- [GIVEN ENTRIES]:
★ ★ ★

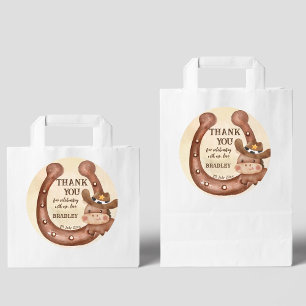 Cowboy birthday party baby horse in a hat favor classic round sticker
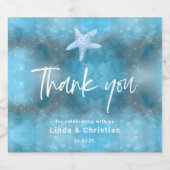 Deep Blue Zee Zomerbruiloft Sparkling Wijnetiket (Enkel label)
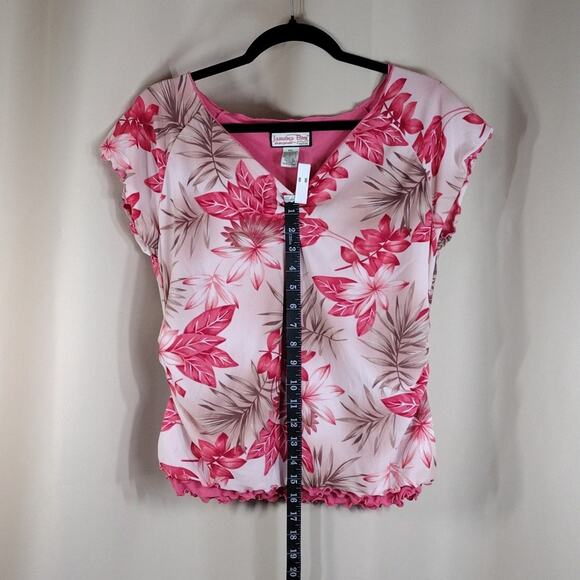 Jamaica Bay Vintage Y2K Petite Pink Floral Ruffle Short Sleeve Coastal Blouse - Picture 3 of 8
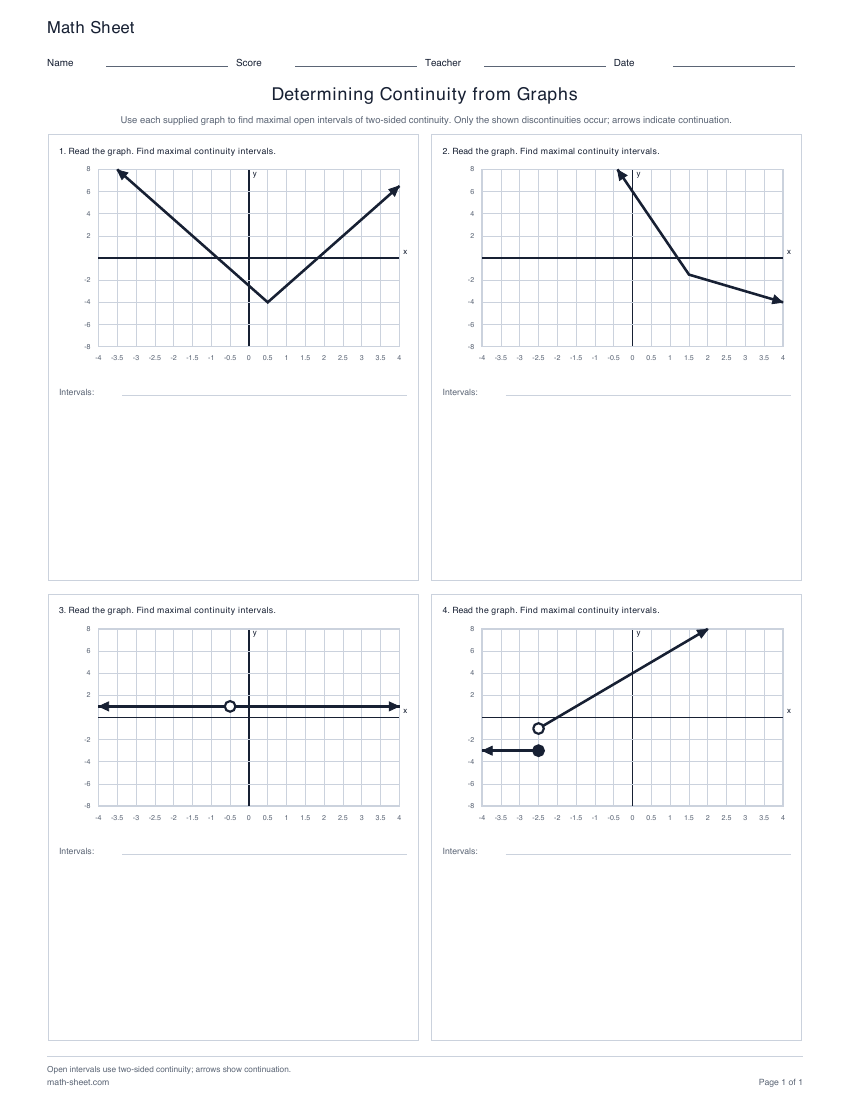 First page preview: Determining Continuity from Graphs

★ ★ ★

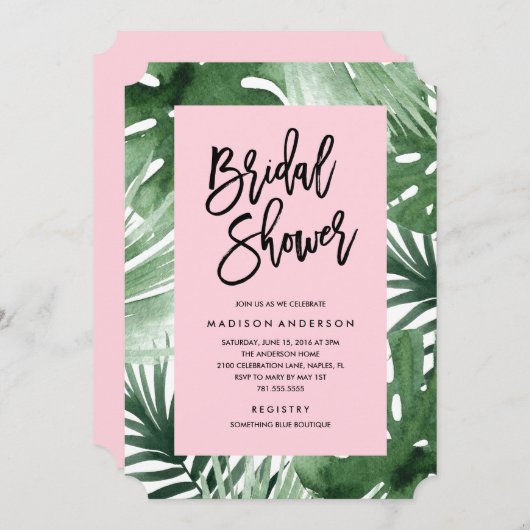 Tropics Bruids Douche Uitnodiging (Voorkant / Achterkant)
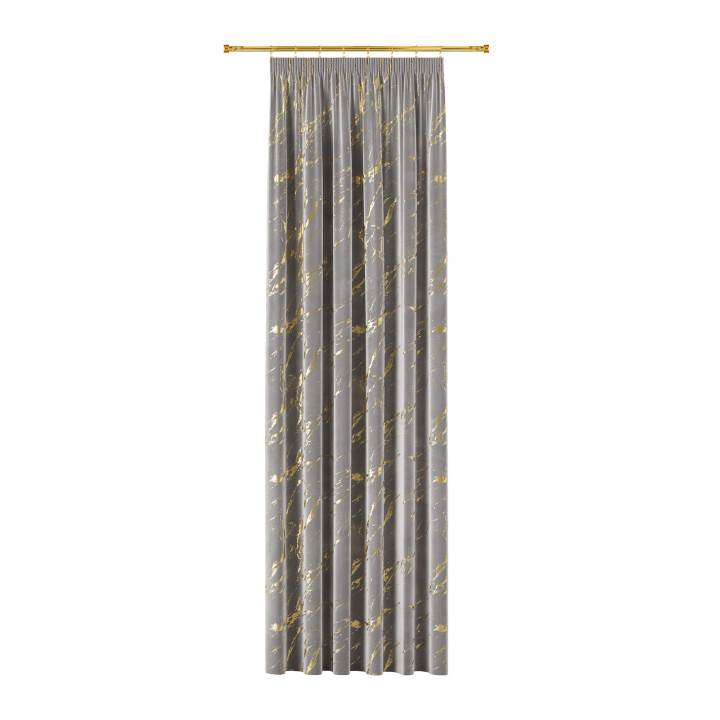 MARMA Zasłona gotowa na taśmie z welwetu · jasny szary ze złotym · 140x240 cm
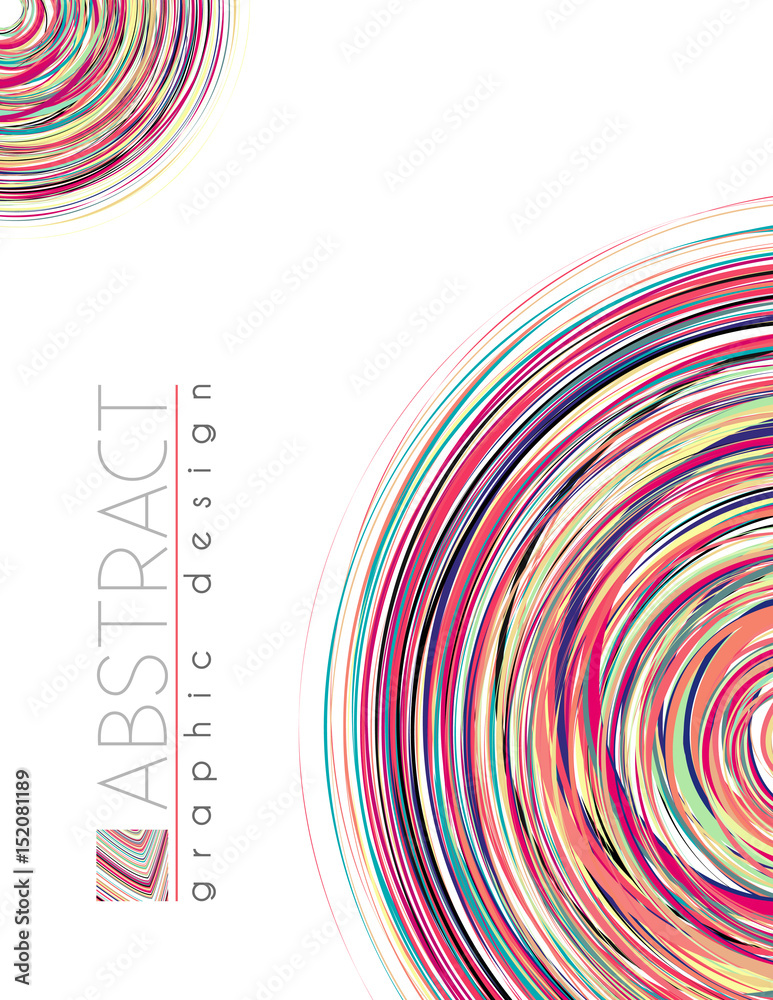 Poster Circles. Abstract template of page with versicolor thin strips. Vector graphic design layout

★ ★ ★

- [TO DO]:
Print exactly, with no pictures, the lines above from the one that holds "Tropics Bruids Douche" through the one that holds "Poster Circles. Abstract", both of them included.

- [FINISHED TASK]:
 Tropics Bruids Douche Uitnodiging (Voorkant / Achterkant)
 MARMA Zasłona gotowa na taśmie z welwetu · jasny szary ze złotym · 140x240 cm
 Poster Circles. Abstract template of page with versicolor thin strips. Vector graphic design layout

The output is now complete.